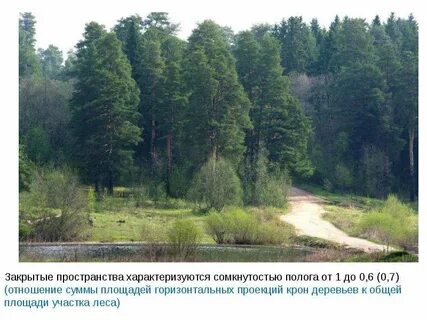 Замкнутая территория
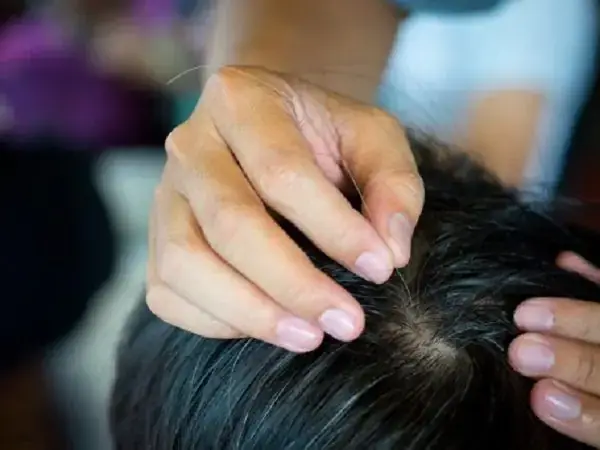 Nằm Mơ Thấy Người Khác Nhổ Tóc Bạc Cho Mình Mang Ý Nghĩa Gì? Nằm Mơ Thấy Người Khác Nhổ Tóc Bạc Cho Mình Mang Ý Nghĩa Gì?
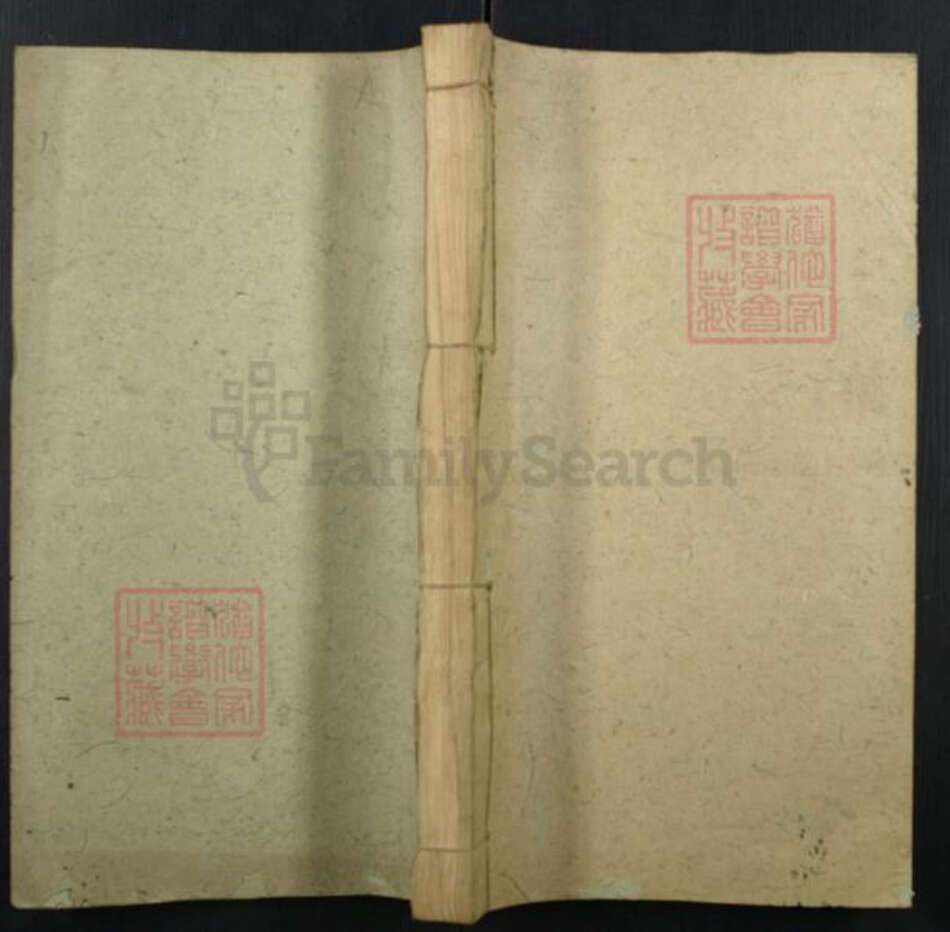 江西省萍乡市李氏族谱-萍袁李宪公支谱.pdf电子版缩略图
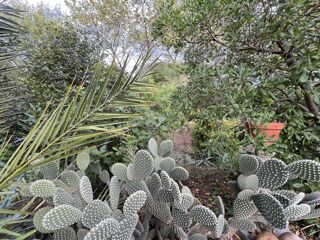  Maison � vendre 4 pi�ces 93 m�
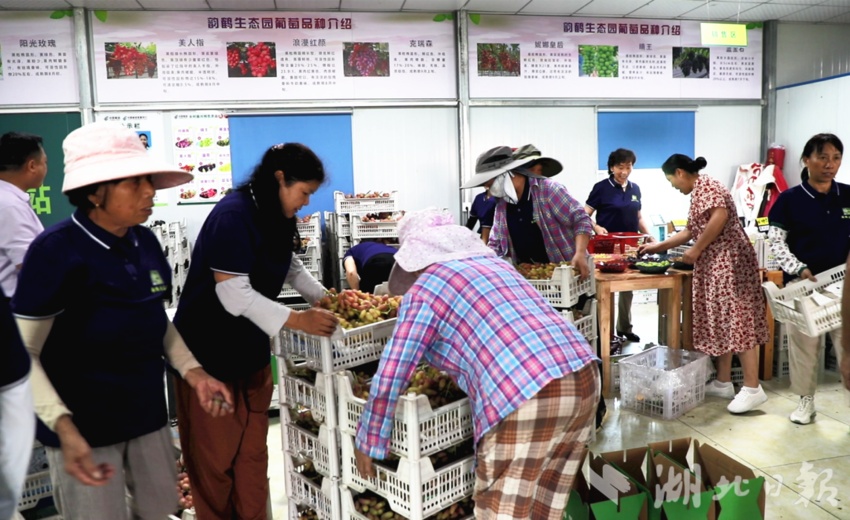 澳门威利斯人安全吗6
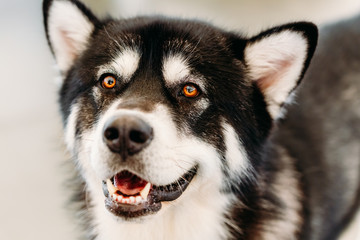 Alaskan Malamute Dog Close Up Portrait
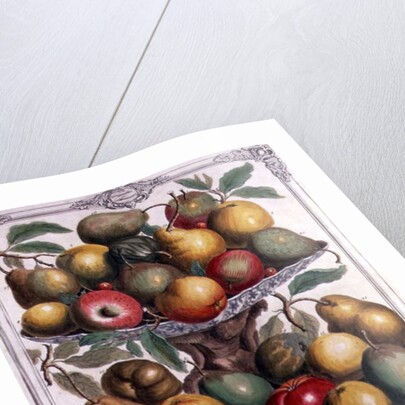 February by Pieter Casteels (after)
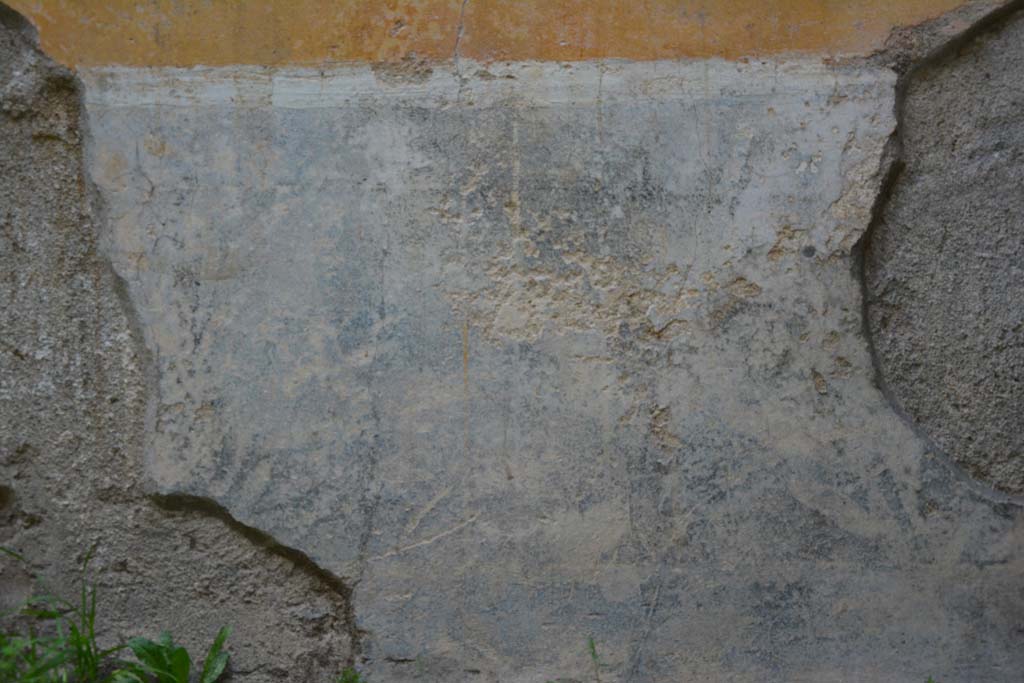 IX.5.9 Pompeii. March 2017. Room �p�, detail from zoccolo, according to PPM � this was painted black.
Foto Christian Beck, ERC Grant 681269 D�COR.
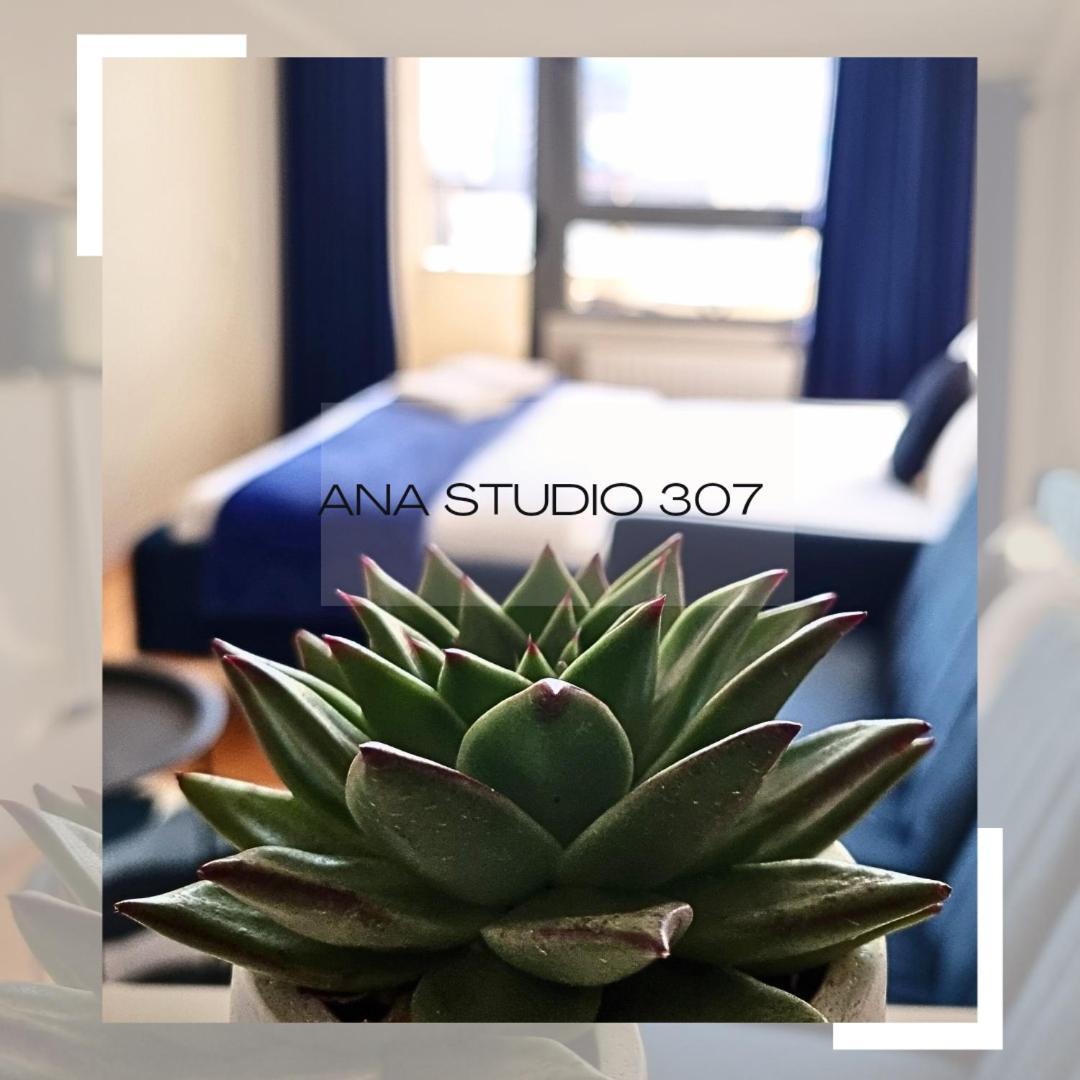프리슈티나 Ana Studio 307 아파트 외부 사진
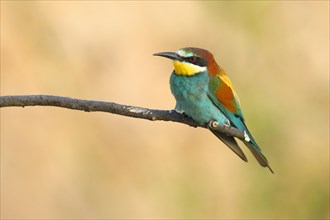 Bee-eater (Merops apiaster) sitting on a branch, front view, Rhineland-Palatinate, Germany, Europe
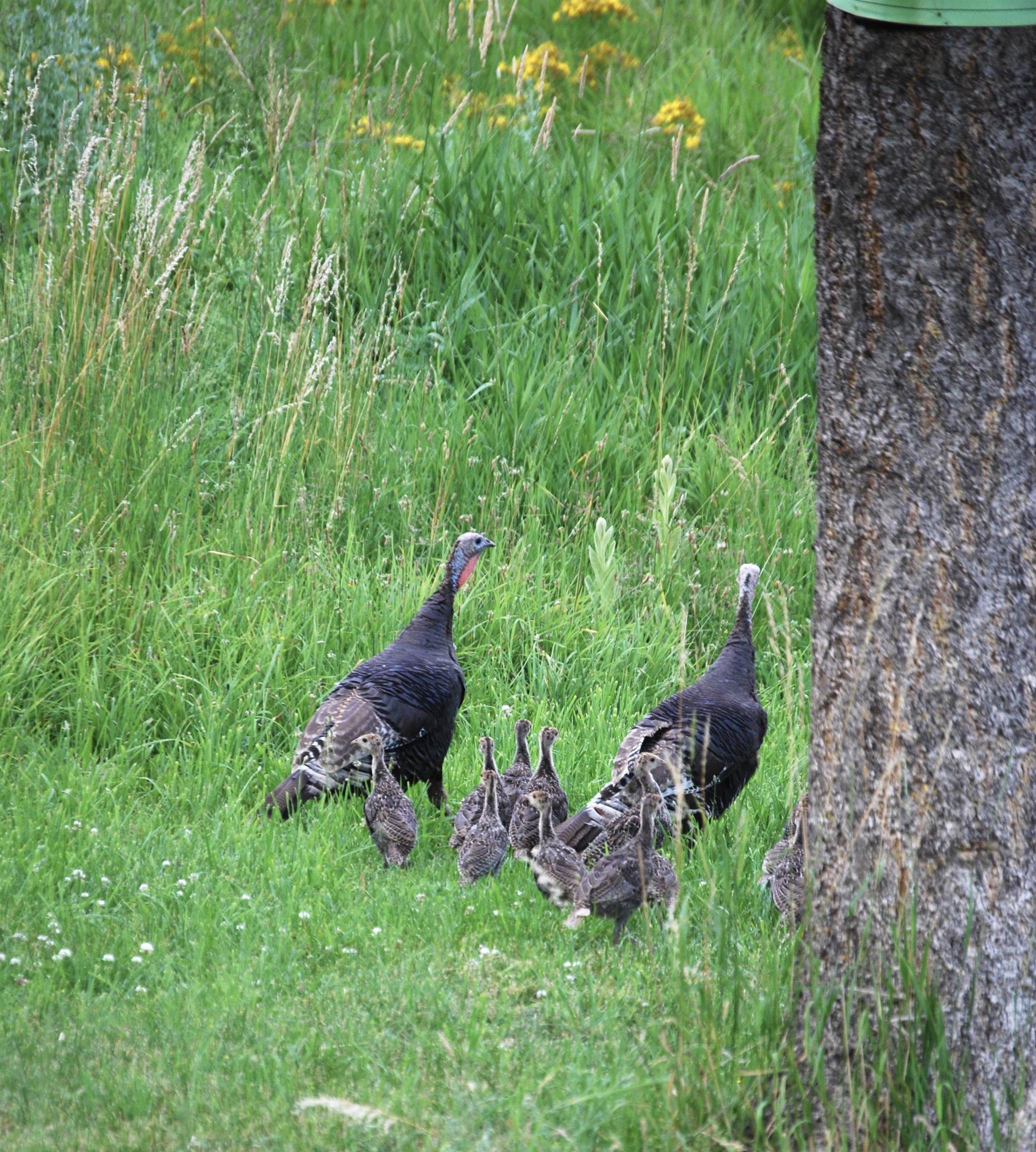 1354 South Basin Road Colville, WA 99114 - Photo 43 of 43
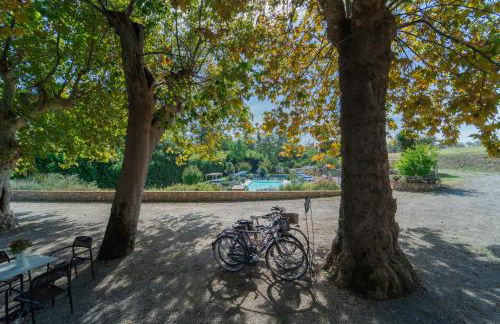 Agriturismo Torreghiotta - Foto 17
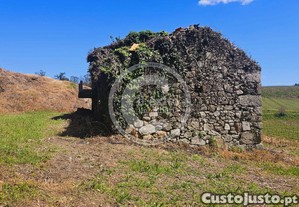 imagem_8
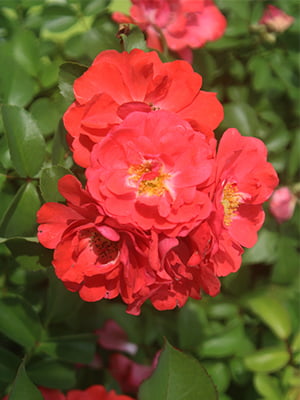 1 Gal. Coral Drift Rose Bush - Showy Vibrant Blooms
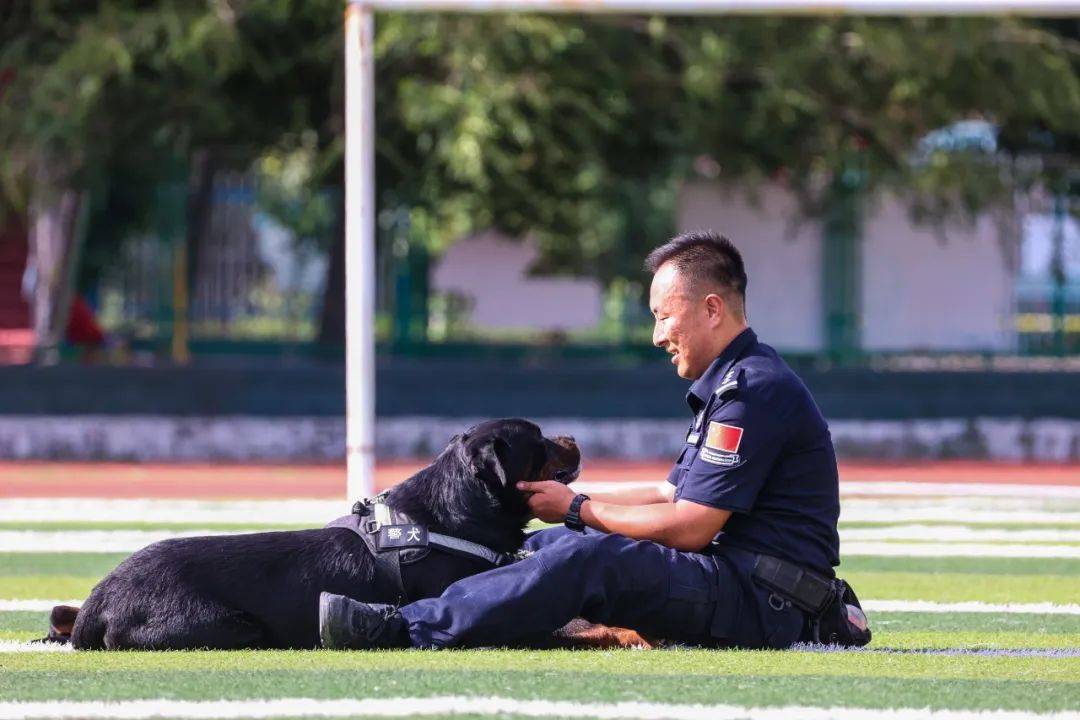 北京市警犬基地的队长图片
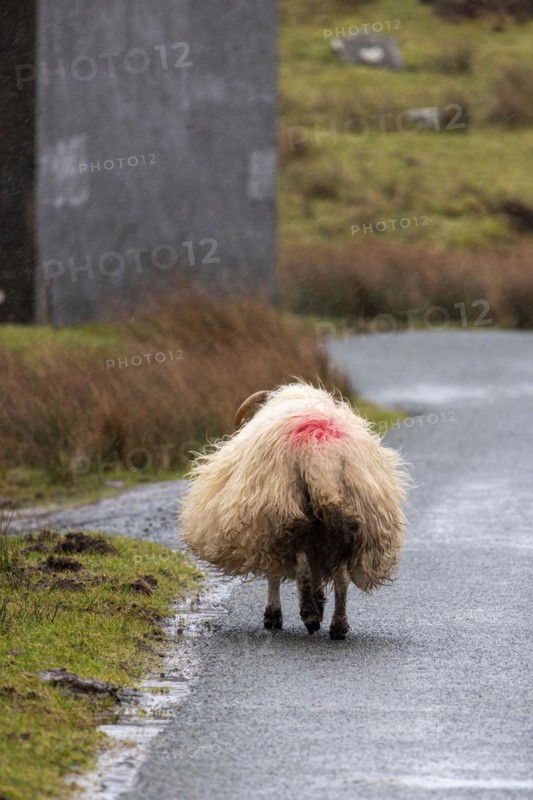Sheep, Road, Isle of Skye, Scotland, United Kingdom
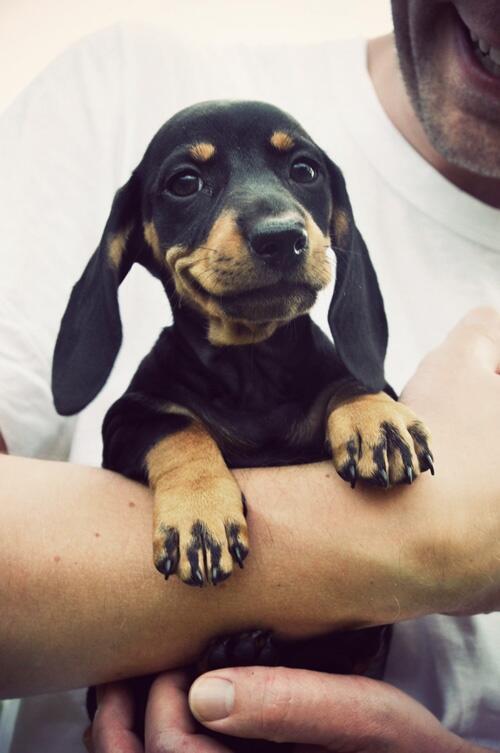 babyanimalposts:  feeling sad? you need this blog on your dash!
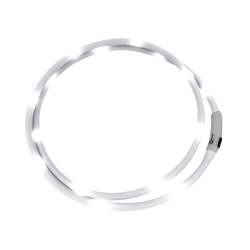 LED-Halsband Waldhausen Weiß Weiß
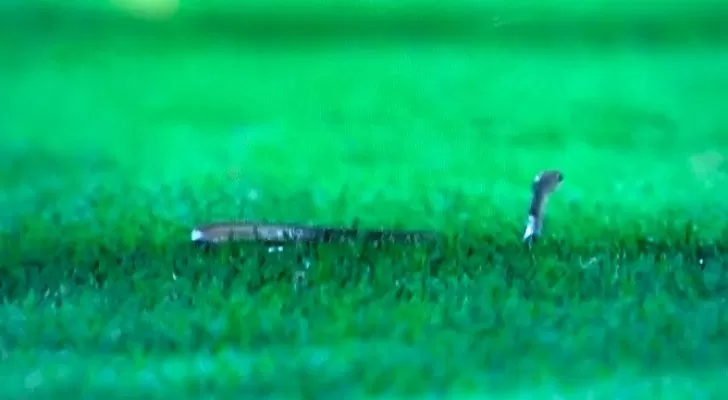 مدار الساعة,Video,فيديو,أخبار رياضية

==========

#### [TASK]
Repeat only the lines between the start of the data and the line with "프리슈티나 Ana Studio 307 아파트 외부 사진", including those two lines, and skip the pictures.

#### [FINISHED TASK]
 Замкнутая территория
 Nằm Mơ Thấy Người Khác Nhổ Tóc Bạc Cho Mình Mang Ý Nghĩa Gì? Nằm Mơ Thấy Người Khác Nhổ Tóc Bạc Cho Mình Mang Ý Nghĩa Gì?
 江西省萍乡市李氏族谱-萍袁李宪公支谱.pdf电子版缩略图
  Maison � vendre 4 pi�ces 93 m�
 澳门威利斯人安全吗6
 Alaskan Malamute Dog Close Up Portrait
 February by Pieter Casteels (after)
 IX.5.9 Pompeii. March 2017. Room �p�, detail from zoccolo, according to PPM � this was painted black.
Foto Christian Beck, ERC Grant 681269 D�COR.
프리슈티나 Ana Studio 307 아파트 외부 사진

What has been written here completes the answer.